Tot nu toe, als het gaat om het verbinden van een object (een machine, een voertuig …) om de status, de locatie ervan te kennen of ermee te communiceren, bestond de enige globale oplossing – een wereldwijde geografische dekking, nationaal, zelfs internationaal – uit uitrusten met een SIM-kaart en gebruik maken van het GPRS / 3G-netwerk van een telecomoperator. De problemen van deze technologie, gewoonlijk M2M (Machine to Machine) genoemd, zijn bekend:
- Dure apparatuur: moeilijk om een 3G-modem van minder dan 20-30 Euro te vinden …
- Zeer hoog energieverbruik, waarbij ofwel een permanente stroombron (en dus een bedrading) of een krachtige batterij vereist is, waardoor de grootte van de sensor incompatibel is met veel gebruikscasussen
- Grote voetafdruk
- Een abonnementskosten voor connectiviteit, niet onbetekenend, gerelateerd aan de behoefte aan een radionetwerk (antennaspelers) dicht en duur.

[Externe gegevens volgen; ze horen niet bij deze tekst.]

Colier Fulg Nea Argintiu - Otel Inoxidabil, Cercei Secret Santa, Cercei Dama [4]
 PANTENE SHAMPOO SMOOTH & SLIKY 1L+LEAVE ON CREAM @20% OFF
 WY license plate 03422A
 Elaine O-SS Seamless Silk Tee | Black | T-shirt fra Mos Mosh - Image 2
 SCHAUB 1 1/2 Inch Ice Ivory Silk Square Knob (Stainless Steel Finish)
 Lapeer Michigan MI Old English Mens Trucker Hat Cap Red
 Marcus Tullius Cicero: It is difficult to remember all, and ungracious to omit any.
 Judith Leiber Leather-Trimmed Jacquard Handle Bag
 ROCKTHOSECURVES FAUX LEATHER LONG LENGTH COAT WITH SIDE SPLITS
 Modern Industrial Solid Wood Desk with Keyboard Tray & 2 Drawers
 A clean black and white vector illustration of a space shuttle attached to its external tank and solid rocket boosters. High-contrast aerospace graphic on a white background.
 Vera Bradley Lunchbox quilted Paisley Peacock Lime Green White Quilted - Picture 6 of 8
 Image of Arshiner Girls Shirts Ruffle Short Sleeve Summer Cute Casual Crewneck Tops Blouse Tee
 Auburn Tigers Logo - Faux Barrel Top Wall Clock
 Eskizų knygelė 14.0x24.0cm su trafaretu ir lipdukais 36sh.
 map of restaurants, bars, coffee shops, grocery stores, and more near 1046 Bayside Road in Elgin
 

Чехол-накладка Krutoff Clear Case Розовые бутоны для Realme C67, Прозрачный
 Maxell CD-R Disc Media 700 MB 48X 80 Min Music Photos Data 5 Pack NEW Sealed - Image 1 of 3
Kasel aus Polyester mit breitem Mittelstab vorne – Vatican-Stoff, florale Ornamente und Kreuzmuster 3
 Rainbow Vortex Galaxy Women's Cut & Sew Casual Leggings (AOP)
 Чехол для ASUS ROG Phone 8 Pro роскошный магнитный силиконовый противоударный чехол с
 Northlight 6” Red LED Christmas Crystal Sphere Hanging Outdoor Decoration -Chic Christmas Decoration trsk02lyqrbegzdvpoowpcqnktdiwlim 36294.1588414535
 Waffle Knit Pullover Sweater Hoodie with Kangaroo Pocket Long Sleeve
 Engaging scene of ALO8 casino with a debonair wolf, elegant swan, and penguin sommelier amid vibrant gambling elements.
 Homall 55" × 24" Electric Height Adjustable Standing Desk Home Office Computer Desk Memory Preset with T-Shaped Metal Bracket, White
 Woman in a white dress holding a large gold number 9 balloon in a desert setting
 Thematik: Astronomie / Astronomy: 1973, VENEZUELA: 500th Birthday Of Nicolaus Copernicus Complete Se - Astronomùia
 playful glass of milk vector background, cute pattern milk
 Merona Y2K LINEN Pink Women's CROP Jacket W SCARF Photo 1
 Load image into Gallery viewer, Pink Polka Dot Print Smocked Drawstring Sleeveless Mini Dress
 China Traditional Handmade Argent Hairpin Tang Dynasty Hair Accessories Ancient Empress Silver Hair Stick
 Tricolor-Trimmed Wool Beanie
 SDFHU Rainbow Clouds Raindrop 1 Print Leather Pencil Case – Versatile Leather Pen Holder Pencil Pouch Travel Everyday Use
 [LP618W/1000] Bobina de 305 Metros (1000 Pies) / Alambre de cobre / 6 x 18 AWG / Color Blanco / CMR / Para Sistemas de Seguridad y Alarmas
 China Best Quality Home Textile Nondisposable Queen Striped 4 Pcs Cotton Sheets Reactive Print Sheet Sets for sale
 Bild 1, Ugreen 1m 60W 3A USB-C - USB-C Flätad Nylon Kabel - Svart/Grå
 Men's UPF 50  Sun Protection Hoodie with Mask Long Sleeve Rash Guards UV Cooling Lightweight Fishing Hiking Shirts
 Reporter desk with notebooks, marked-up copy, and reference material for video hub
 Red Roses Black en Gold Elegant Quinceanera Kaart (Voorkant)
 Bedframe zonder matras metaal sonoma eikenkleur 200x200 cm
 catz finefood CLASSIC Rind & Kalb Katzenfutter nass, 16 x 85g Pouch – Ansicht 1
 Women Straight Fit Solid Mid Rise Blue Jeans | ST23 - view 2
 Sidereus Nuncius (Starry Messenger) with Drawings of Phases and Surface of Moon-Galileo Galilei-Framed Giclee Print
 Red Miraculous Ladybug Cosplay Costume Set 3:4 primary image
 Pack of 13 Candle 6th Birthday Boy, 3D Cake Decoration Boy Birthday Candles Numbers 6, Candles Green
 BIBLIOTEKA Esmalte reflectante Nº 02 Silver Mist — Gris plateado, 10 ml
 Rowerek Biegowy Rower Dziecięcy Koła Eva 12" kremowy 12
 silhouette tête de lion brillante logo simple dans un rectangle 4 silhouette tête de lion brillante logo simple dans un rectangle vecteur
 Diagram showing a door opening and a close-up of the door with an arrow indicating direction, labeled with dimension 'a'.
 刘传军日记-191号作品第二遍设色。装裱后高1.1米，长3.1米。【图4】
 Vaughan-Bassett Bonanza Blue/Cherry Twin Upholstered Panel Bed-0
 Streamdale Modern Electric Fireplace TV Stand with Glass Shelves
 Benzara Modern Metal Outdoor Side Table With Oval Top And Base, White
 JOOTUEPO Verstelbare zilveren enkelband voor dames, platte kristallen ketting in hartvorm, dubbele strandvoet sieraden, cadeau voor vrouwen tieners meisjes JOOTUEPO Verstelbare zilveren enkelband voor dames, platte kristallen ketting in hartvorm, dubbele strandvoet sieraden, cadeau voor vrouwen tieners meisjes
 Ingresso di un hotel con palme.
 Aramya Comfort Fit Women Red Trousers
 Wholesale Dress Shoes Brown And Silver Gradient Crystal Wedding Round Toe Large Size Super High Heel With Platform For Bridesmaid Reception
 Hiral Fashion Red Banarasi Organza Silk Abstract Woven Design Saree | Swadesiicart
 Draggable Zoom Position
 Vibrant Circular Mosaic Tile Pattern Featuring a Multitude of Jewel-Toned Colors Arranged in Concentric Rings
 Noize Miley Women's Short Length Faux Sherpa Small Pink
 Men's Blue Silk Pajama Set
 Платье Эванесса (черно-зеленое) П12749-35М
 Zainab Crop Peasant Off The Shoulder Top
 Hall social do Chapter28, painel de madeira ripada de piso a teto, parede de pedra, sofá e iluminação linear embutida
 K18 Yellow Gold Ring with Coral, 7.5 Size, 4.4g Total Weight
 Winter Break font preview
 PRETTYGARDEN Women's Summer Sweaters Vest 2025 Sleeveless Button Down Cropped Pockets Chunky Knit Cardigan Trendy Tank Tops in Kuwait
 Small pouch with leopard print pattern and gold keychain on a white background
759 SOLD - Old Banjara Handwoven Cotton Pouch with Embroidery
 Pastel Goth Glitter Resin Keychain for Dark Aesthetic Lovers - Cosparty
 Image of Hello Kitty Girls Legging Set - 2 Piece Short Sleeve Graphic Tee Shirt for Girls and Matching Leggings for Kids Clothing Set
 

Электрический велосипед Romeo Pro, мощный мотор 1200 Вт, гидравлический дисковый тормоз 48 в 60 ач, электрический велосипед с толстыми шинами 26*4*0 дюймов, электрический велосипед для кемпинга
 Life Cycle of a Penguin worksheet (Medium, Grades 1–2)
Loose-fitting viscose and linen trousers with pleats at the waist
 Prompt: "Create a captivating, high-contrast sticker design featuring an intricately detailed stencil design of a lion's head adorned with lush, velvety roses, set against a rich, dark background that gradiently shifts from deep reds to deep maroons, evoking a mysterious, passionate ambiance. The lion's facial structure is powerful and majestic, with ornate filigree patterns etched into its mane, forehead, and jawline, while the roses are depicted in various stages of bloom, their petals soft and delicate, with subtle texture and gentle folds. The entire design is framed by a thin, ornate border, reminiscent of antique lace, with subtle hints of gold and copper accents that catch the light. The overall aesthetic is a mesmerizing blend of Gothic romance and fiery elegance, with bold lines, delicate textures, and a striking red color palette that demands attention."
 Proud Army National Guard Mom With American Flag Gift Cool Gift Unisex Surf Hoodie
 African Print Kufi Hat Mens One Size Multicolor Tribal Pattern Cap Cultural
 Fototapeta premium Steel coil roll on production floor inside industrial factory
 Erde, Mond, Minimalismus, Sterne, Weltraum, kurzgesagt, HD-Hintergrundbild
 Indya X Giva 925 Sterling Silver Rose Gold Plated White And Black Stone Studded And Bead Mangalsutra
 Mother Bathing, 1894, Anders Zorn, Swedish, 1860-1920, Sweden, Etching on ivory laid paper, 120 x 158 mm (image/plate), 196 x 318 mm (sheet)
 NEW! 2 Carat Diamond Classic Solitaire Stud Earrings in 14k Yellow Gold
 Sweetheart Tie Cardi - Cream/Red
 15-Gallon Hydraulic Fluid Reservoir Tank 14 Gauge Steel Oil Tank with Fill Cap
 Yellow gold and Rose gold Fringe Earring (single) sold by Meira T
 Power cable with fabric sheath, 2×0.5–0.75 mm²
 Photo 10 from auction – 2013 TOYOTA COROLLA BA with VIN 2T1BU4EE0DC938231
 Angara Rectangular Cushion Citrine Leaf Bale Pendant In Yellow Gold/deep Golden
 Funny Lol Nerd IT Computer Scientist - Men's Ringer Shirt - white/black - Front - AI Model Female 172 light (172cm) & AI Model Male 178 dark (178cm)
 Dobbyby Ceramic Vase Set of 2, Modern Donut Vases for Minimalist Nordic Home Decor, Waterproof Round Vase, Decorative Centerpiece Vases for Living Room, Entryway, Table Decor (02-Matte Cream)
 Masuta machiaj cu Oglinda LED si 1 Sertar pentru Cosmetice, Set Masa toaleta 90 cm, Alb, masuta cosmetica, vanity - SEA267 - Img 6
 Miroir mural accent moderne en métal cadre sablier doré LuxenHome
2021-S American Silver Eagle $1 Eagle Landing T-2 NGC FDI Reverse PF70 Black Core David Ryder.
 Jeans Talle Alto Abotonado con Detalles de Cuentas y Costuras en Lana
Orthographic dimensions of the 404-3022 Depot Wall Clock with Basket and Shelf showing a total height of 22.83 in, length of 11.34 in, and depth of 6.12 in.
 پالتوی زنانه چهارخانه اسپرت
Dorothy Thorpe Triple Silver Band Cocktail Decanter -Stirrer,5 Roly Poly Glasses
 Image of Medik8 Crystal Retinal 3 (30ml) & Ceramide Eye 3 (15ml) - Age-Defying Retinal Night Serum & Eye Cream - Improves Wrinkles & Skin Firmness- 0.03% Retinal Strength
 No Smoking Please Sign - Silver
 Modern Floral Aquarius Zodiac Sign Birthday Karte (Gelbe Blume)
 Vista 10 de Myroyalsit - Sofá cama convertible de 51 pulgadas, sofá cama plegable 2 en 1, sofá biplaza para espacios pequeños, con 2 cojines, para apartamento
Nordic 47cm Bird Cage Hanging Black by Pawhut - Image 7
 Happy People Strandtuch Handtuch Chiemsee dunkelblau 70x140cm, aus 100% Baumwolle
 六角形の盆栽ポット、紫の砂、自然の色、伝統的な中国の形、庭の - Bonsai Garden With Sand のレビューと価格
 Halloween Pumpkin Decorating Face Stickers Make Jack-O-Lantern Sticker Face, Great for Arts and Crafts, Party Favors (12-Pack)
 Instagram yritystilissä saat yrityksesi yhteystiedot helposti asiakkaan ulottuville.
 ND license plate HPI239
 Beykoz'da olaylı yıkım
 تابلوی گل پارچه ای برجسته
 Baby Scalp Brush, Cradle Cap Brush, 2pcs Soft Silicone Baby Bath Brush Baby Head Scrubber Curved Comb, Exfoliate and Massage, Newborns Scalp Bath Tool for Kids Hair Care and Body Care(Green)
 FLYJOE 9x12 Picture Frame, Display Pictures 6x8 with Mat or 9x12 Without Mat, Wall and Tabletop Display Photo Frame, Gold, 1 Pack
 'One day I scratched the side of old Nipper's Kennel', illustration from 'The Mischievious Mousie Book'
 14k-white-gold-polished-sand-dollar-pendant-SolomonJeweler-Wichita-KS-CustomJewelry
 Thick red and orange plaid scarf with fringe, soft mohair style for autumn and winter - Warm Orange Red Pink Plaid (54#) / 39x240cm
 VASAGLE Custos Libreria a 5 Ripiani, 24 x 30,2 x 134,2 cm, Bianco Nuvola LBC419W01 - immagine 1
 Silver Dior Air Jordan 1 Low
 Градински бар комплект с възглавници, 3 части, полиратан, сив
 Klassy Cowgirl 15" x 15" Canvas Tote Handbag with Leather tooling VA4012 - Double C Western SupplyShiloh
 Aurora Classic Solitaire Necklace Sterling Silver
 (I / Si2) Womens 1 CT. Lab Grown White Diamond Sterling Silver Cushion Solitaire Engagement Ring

Het is daarom moeilijk om met de M2M kleine voorwerpen aan te sluiten of geen elektrische bron te hebben. Of om te accepteren dat de sensor meer kost dan het aangesloten object zelf … Om nog te zwijgen van het feit dat het ongewenst is voor de gezondheid, gezien de kracht van emissies, om een verbonden object in 3G te dragen, 24 uur per dag.